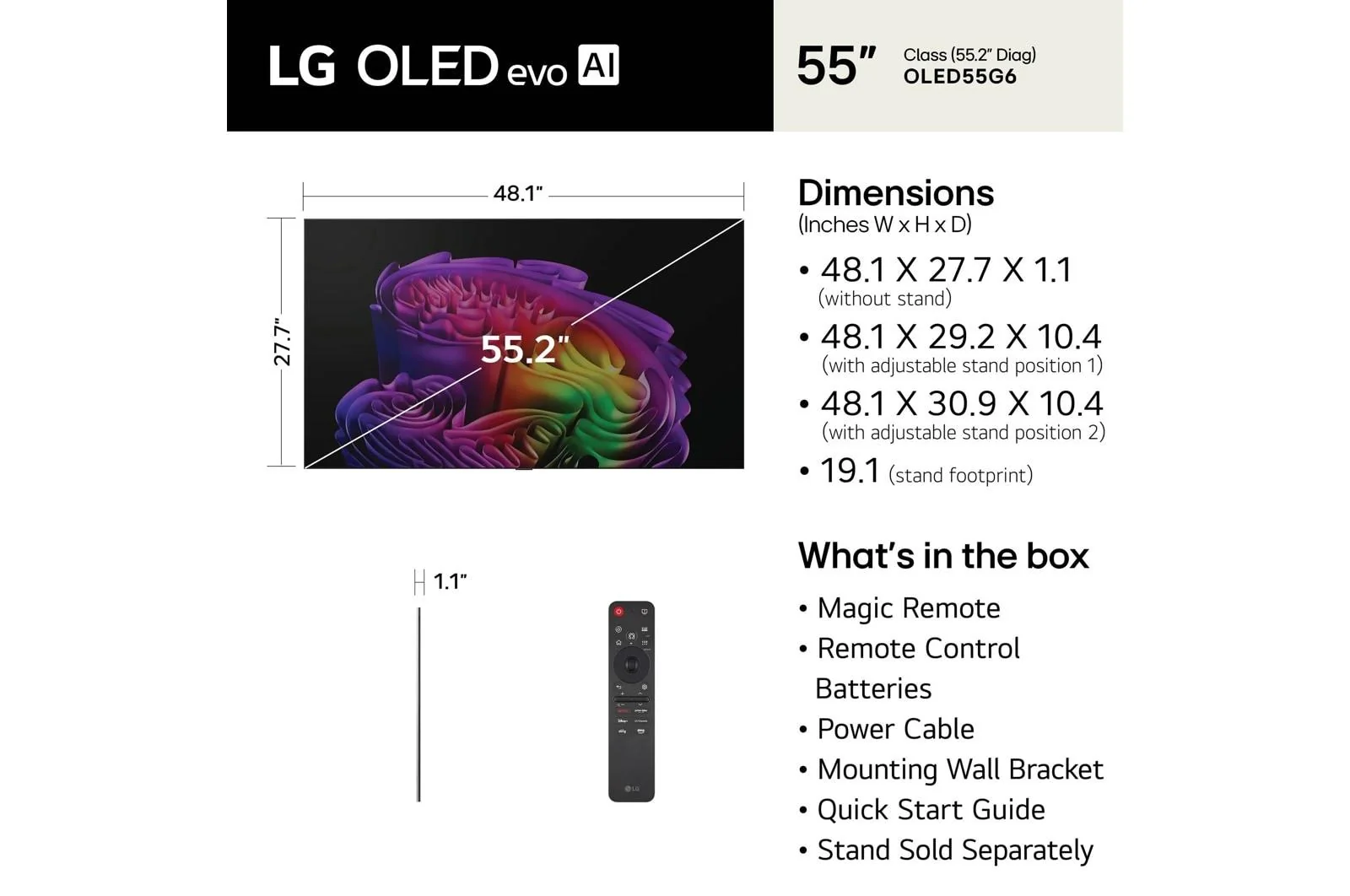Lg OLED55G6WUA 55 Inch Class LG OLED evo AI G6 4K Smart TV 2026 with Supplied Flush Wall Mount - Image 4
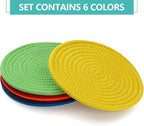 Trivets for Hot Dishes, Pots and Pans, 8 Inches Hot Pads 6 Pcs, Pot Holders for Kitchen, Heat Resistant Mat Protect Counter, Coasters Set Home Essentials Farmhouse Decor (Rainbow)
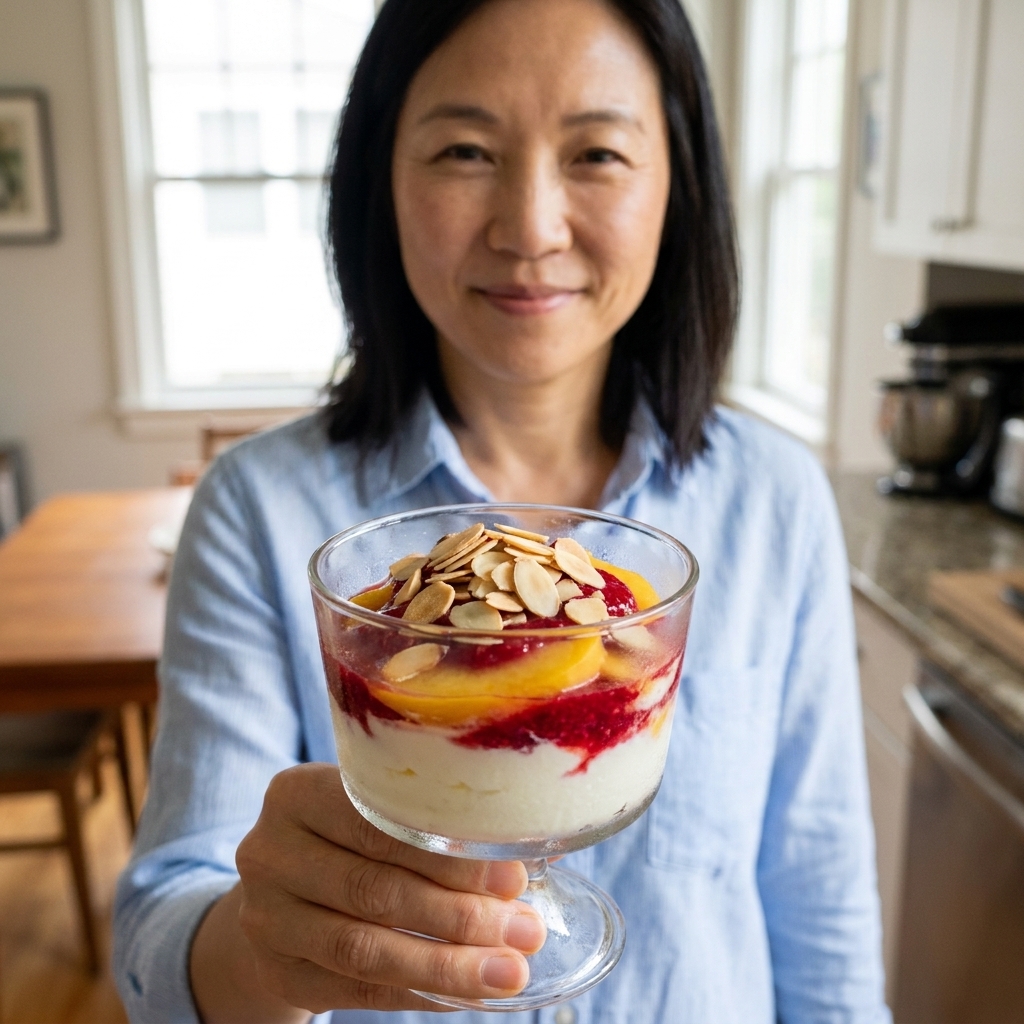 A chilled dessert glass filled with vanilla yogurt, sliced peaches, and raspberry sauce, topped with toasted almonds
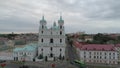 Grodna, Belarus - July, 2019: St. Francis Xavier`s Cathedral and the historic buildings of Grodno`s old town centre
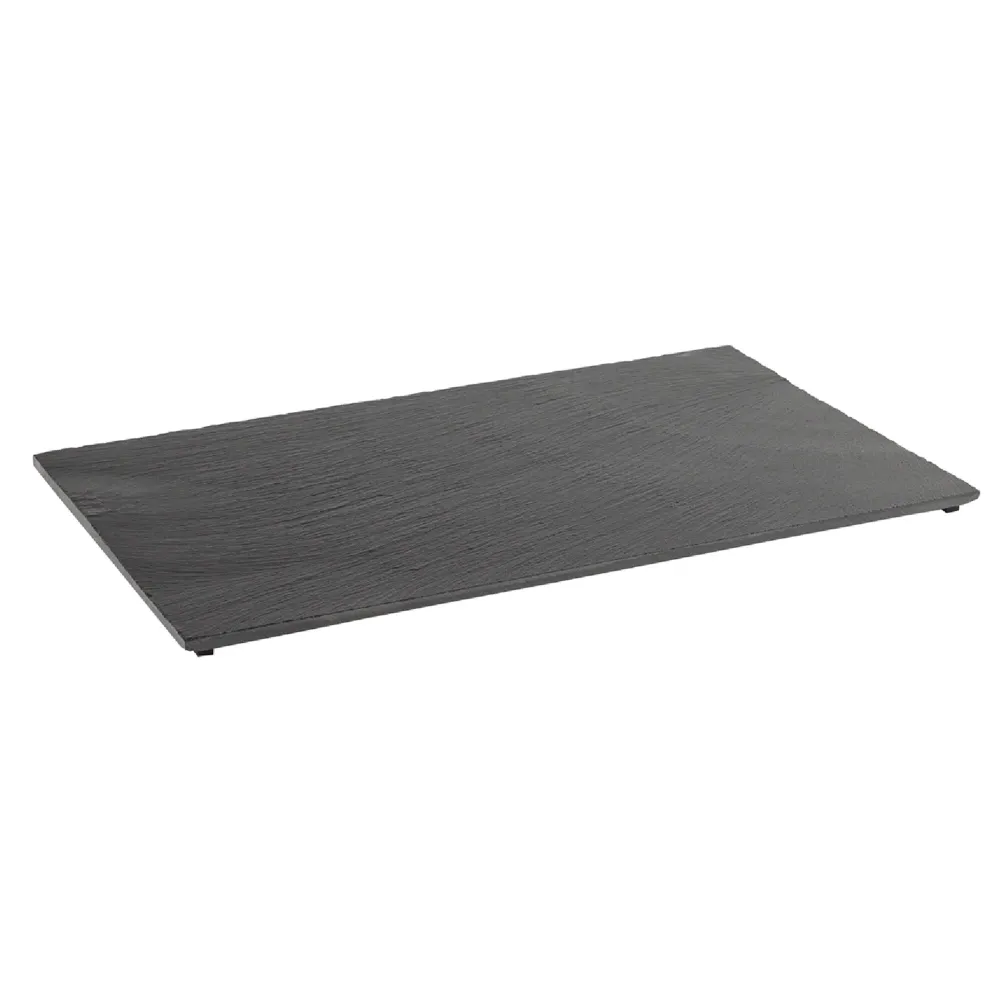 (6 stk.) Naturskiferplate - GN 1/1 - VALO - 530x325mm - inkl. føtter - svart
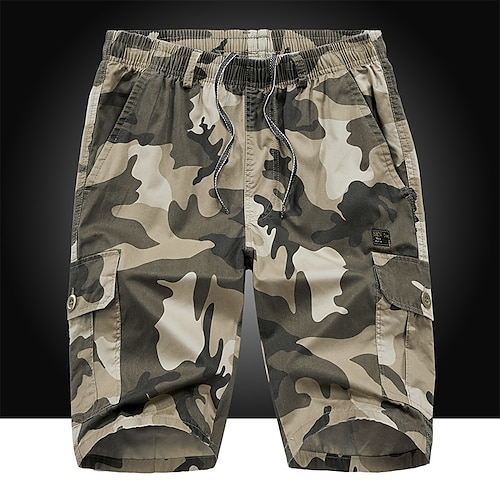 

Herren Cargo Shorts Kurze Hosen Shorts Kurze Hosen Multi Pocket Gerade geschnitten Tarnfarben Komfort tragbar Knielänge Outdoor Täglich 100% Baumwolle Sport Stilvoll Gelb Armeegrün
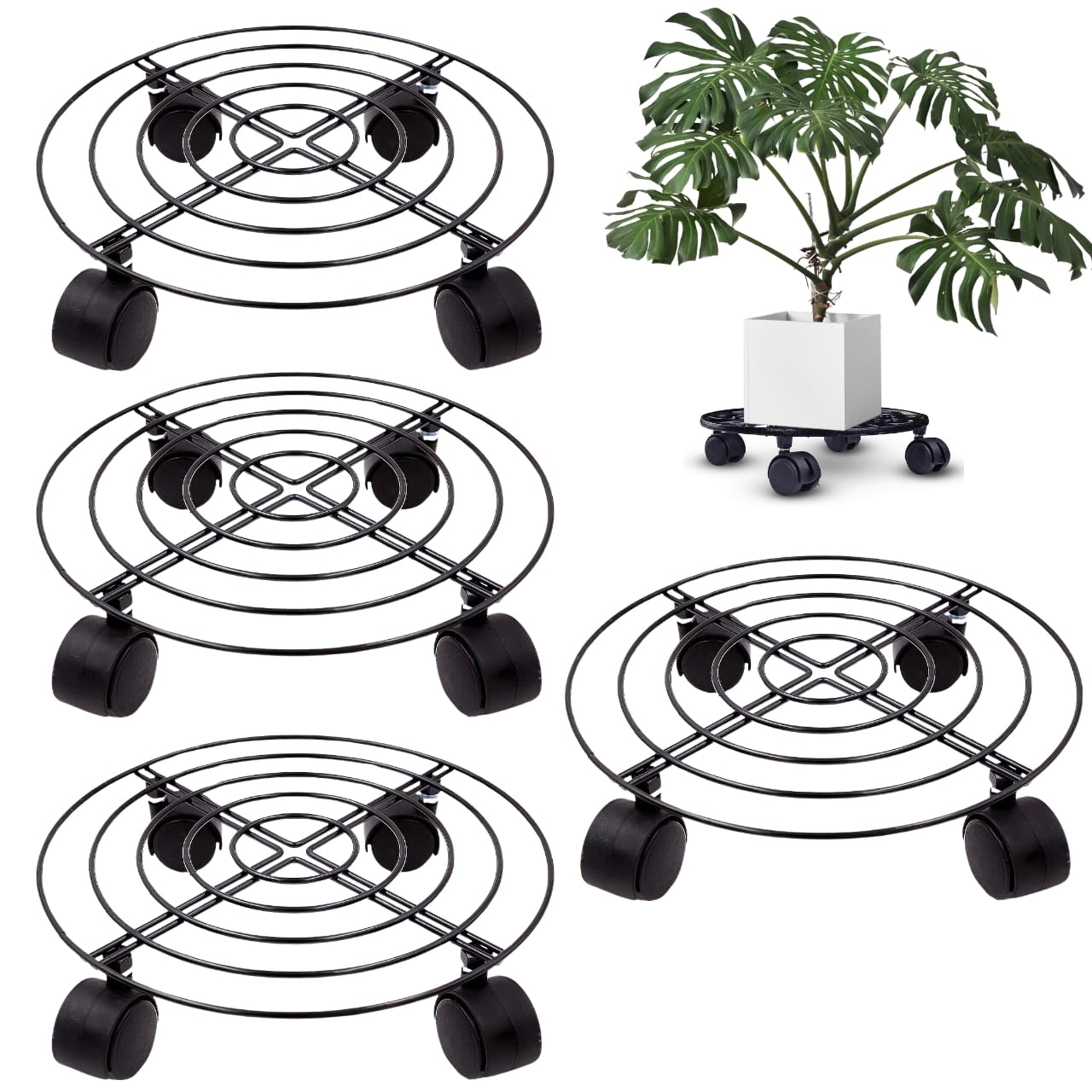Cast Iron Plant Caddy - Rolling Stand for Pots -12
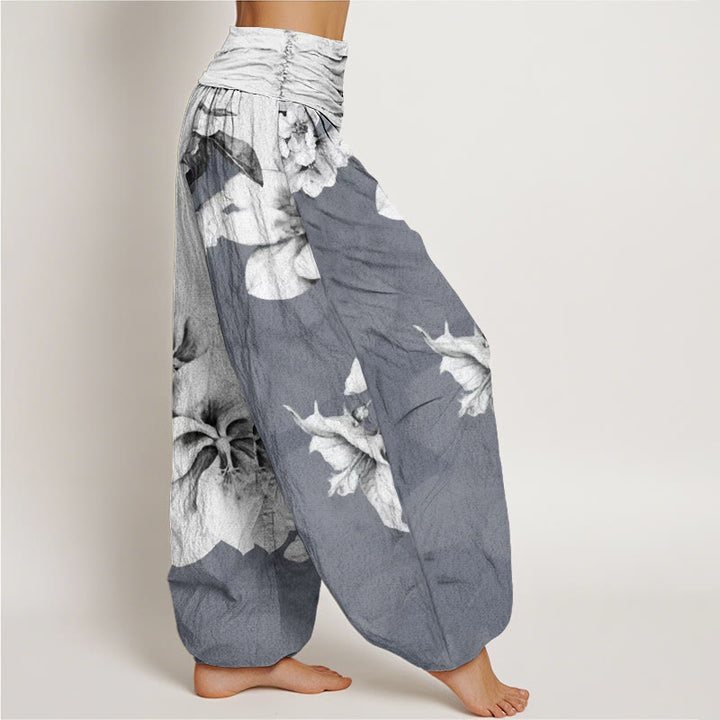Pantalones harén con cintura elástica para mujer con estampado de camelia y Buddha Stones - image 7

*Instructions for the task*: From the opening line of the entries, copy each line exactly until the line with "(6 stk.) Naturskiferplate", which is copied as well; leave out pictures.

*Expected answer*:
Lg OLED55G6WUA 55 Inch Class LG OLED evo AI G6 4K Smart TV 2026 with Supplied Flush Wall Mount - Image 4
 Trivets for Hot Dishes, Pots and Pans, 8 Inches Hot Pads 6 Pcs, Pot Holders for Kitchen, Heat Resistant Mat Protect Counter, Coasters Set Home Essentials Farmhouse Decor (Rainbow)
 A chilled dessert glass filled with vanilla yogurt, sliced peaches, and raspberry sauce, topped with toasted almonds
 Grodna, Belarus - July, 2019: St. Francis Xavier`s Cathedral and the historic buildings of Grodno`s old town centre
 (6 stk.) Naturskiferplate - GN 1/1 - VALO - 530x325mm - inkl. føtter - svart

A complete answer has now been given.